His father, Jacques Joseph (1774-1832), was a distinguished writer on forestry, and was for many years in the service of the French government, eventually becoming the head of that branch of the department of agriculture which had charge of the state forests. Henri was educated at the College Bourbon, where he had a distinguished career, and in 1852 he was appointed assistant lecturer in political economy to M. Chevalier at the College de France.

In 1866, on the creation of a new chair of economic history, Baudrillart was appointed to fill it.
His first work was an Eloge de Turgot (1846), which at once won him notice among the economists.
In 1853, he published an erudite work on Jean Bodin et son temps; then in 1857 a Manuel d'économic politique; in 1860, Des rapports de la morale et de l’économie politique; in 1865, La Liberté du travail; and from 1878 to 1880, L'Histoire du luxe depuis Fantiquité jusqu'd nos jours, in four volumes.

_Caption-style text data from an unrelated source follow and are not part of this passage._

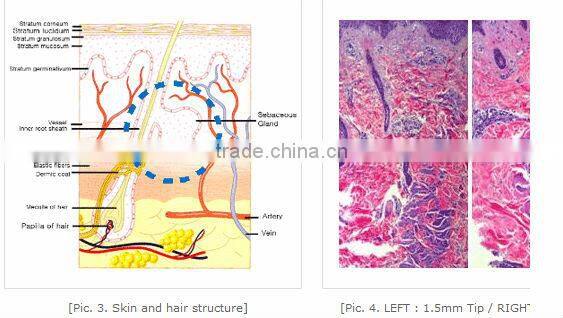 Personal care and beauty series product fractional rf skin lifting machine
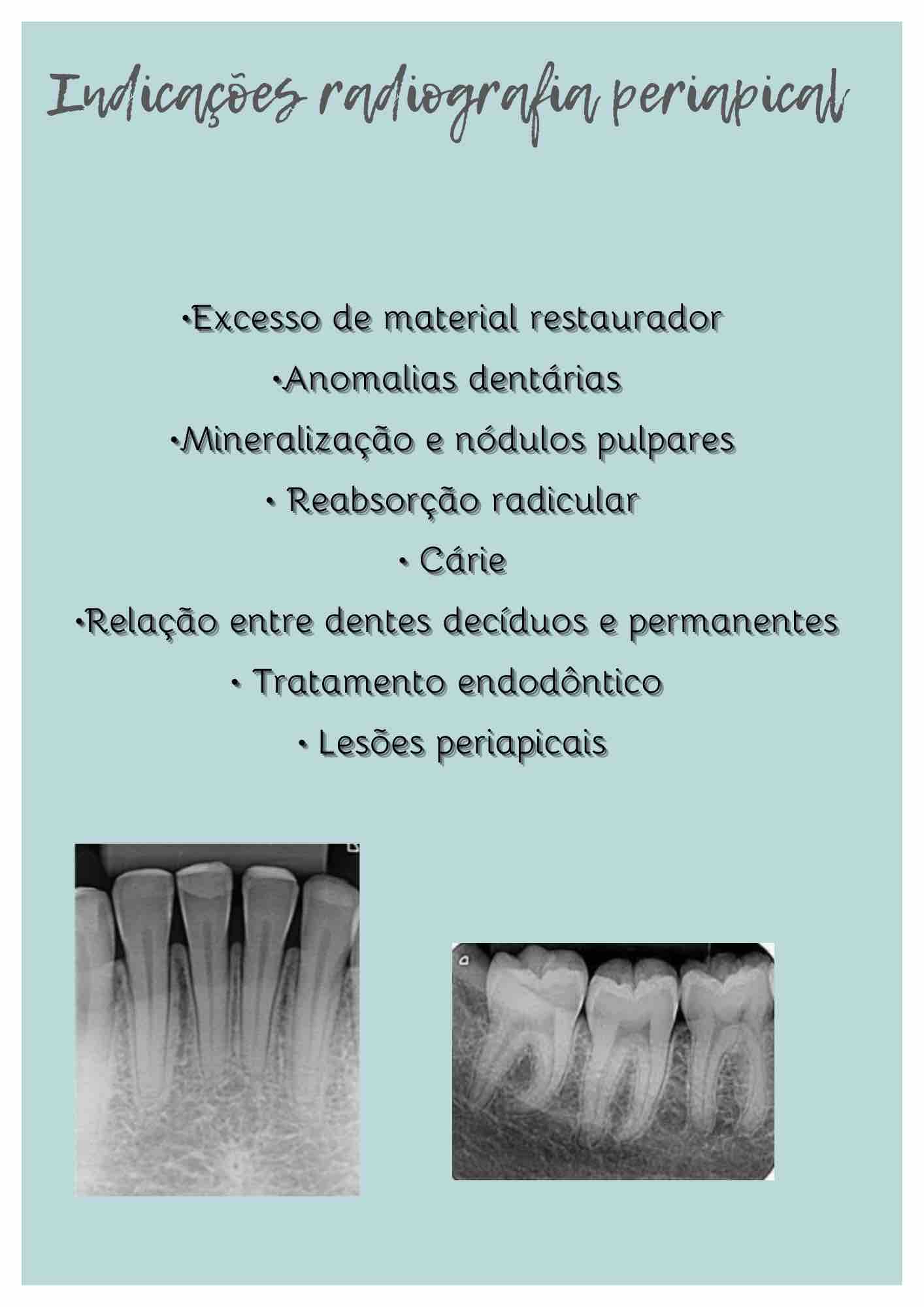 Indica Es Radiografia Periapical Radiologia Odontol Gica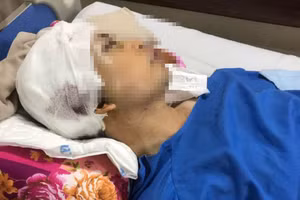 Ông Nguyễn Văn Hanh đang được tích cực điều trị.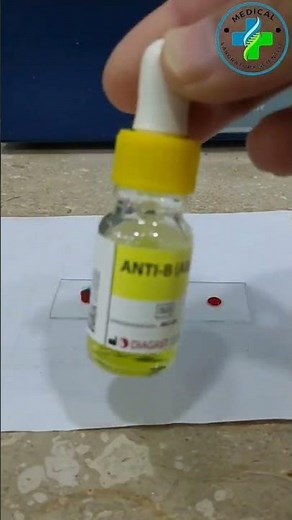 ABO Blood group system | ABO blood typing | blood grouping | know your blood type | Hematology|A-ve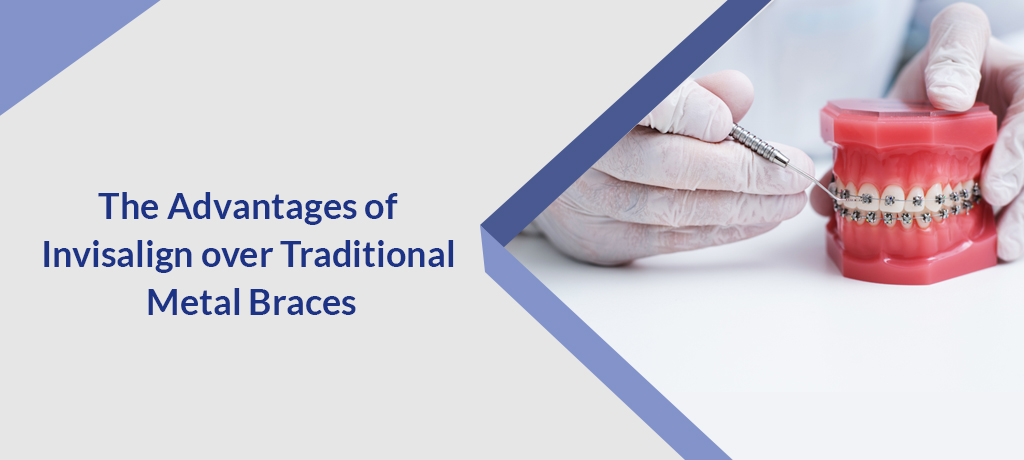 Advantages of Invisalign over Traditional Metal Braces
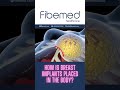 How Is Breast Implant Placed In The Body 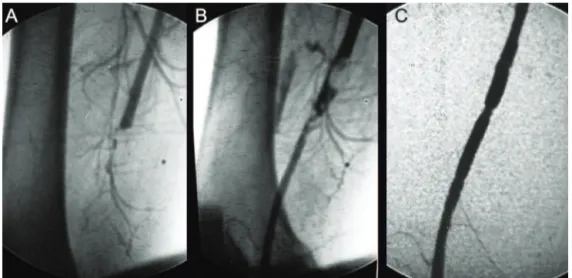 Figura 8 - Angiografia digital do caso 4: A) trombose da artéria femoral superficial direita; B)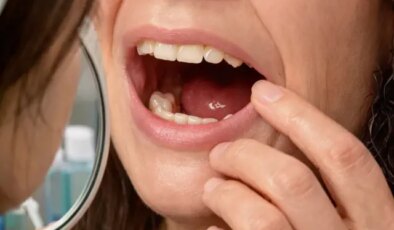 Sabah uyandığında dişleri yoktu! Doktorları bile şaşırtan gerçek hastaneye ortaya çıktı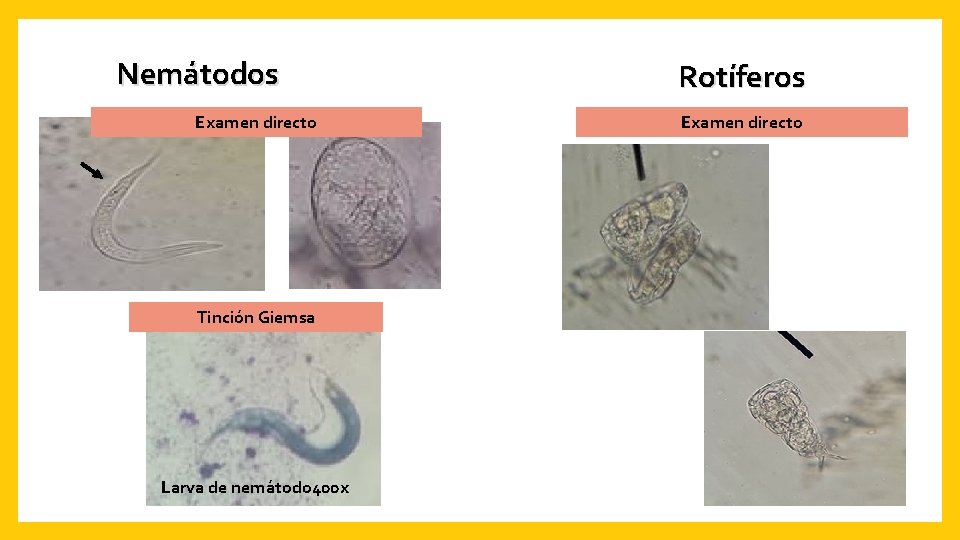 Nemátodos Examen directo Tinción Giemsa Larva de nemátodo 400 x Rotíferos Examen directo 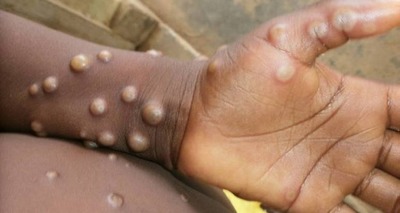 Thumb variola macaco 18052022101415711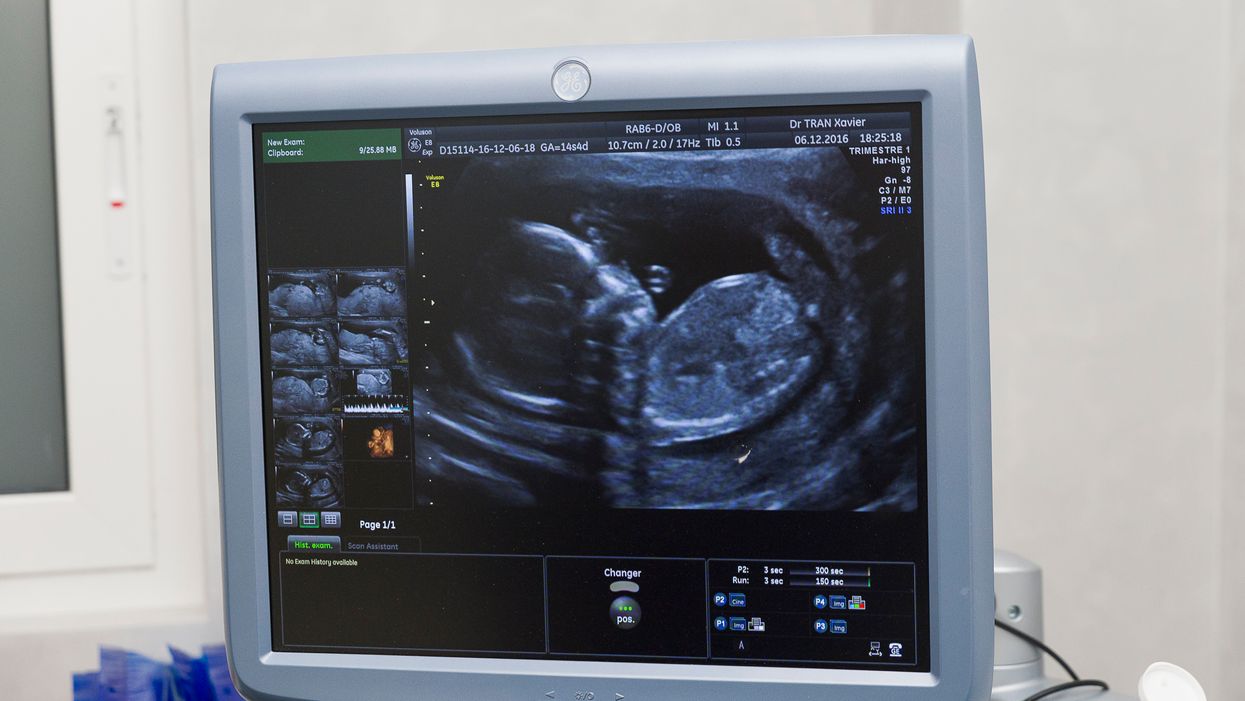 6th Circuit Court of Appeals upholds Kentucky's pro-life ultrasound law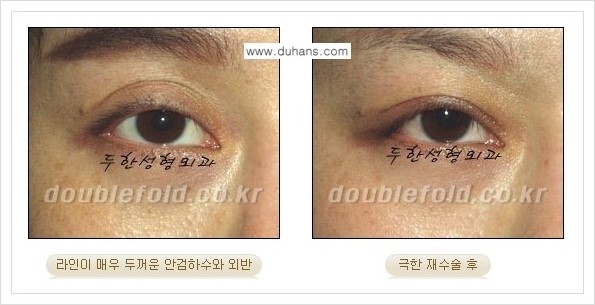 [두한성형외과 경쟁력 쌍꺼풀 재수술, 극한 재수술] - [망친 눈(쌍꺼풀) 복원수술과 일반 쌍꺼풀 재수술과의 차이점] 관련 이미지 4
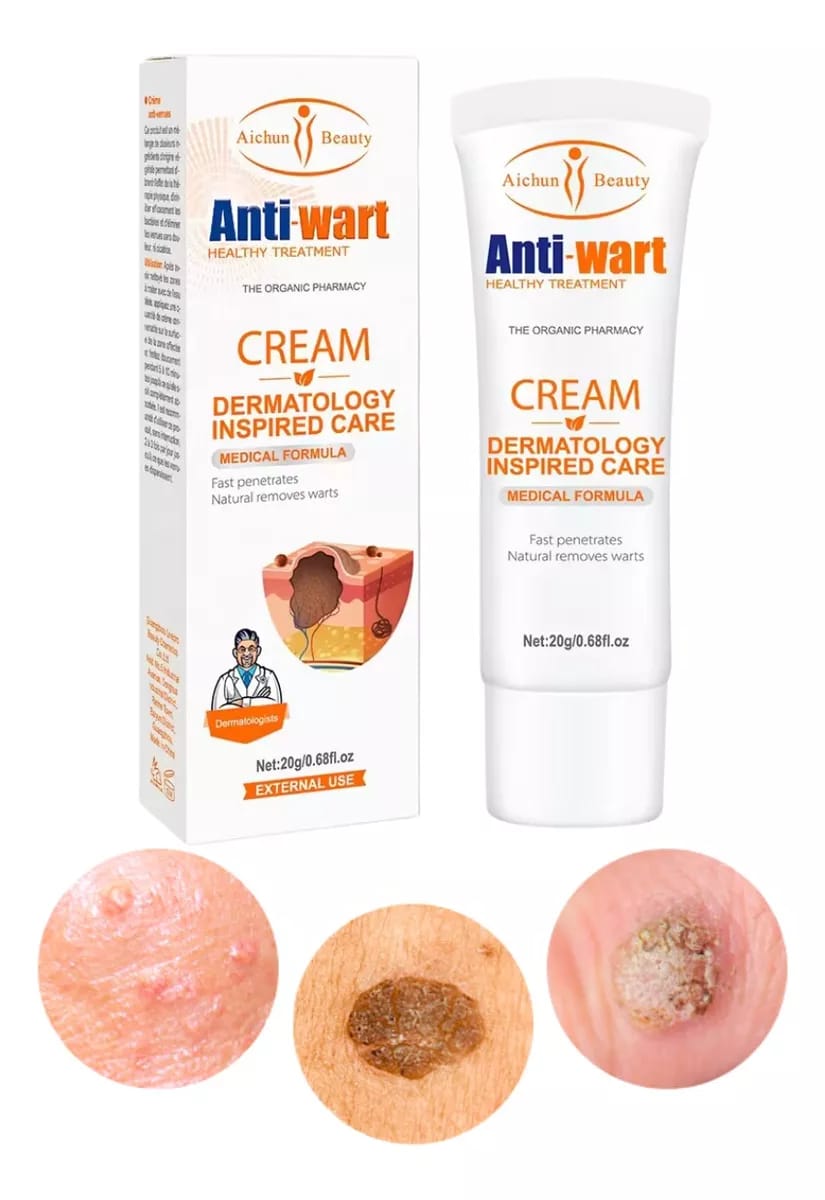 Crema dematologa para eliminar verrugas
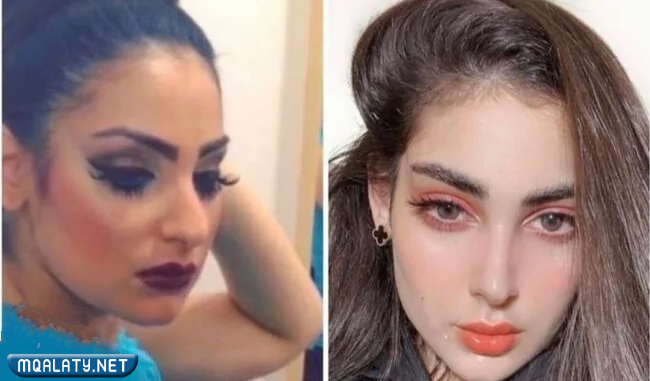 زينب العلوان قبل وبعد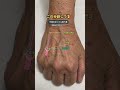 この手背、どの血管を狙う？ルート確保の「刺す場所」と「先端の位置」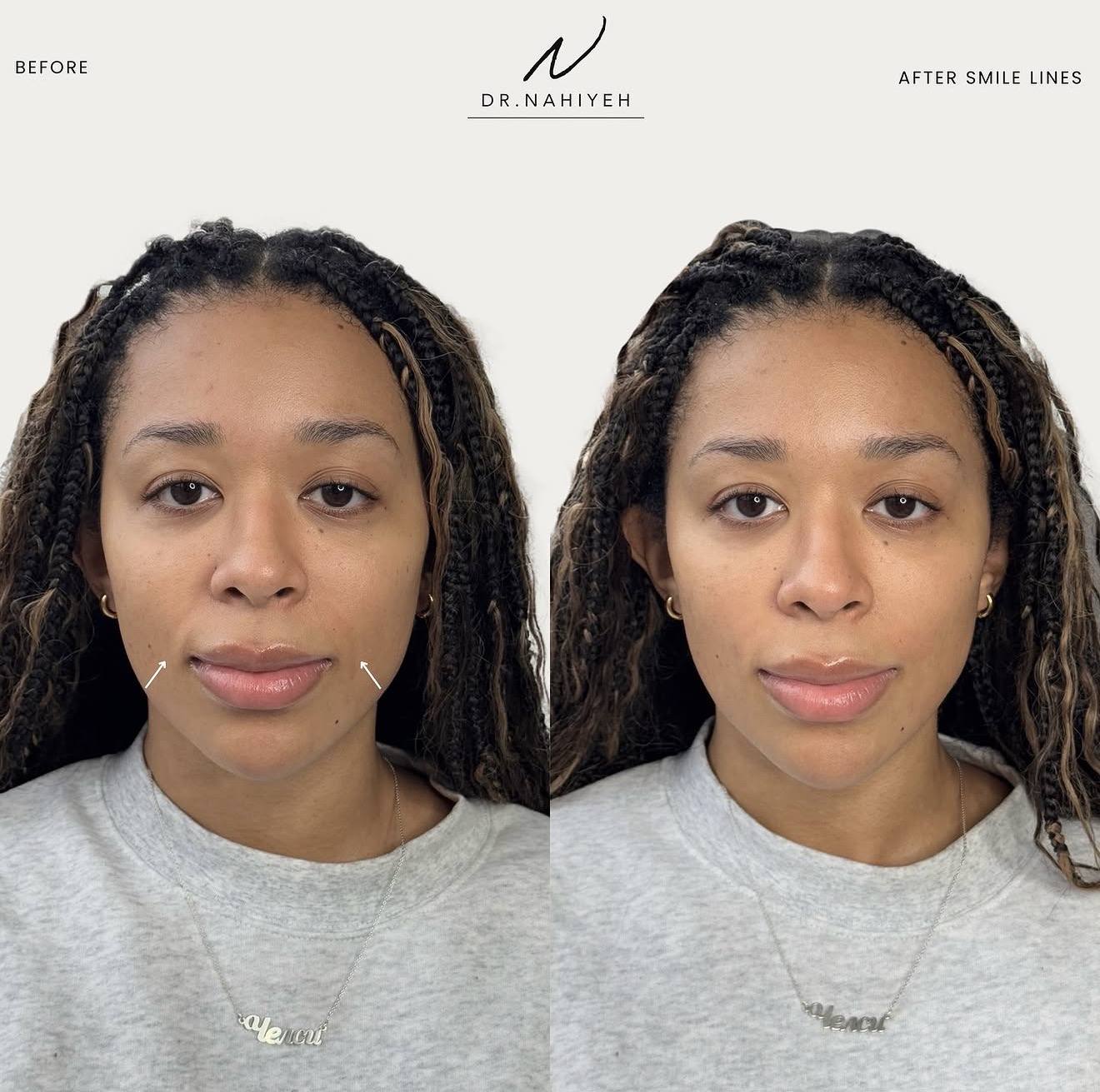 Smile Line Correction — image 1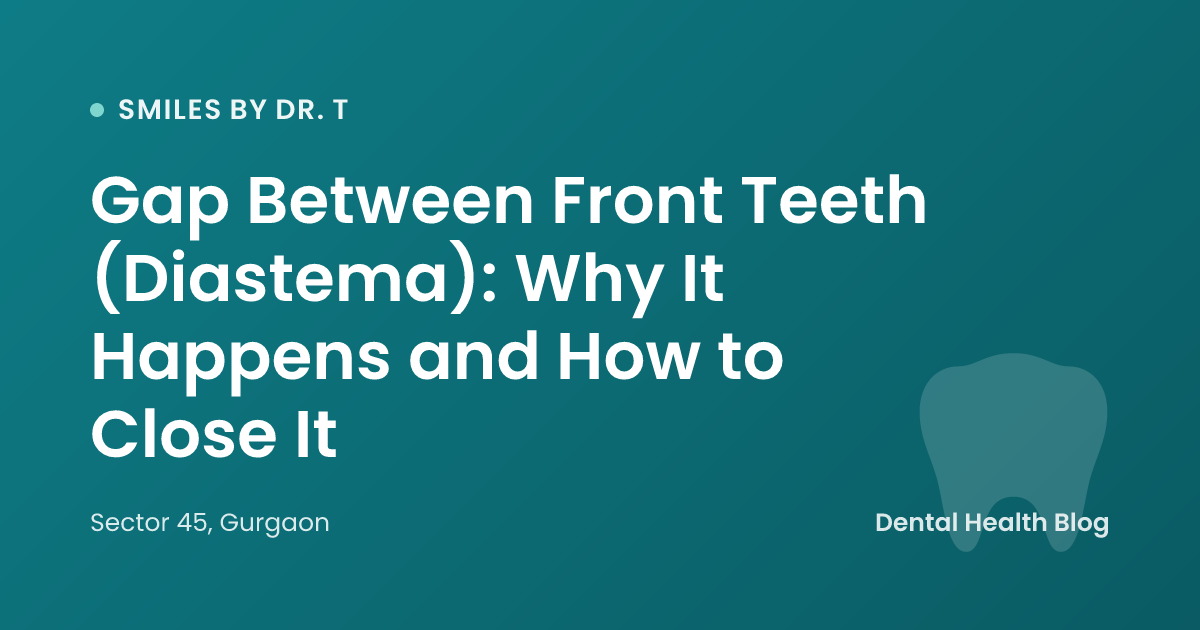 Gap Between Front Teeth (Diastema): Why It Happens and How to Close It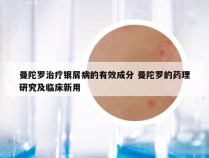 曼陀罗治疗银屑病的有效成分 曼陀罗的药理研究及临床新用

At the instance of the Académie des Sciences Morales et Politiques. he investigated the condition of the farming classes of France, and published the results in four volumes (1885, et seq.).
From 1855 to 1864, he directed the Journal des économistes, and contributed many articles to the Journal des débats and to the Revue des deux mondes.

His writings are distinguished by their style, as well as by their profound erudition.
In 1863 he was elected member of the Académie des Sciences Morales et Politiques; in 1870 he was appointed inspector-general of public libraries, and in 1881 he succeeded J. Garnier as professor of political economy at the Ecole des Ponts et Chaussées.
Baudrillart was made an officer of the Legion of Honour in 1889.

He died in Paris on 24 January 1892.
His son was cardinal Alfred-Henri-Marie Baudrillart.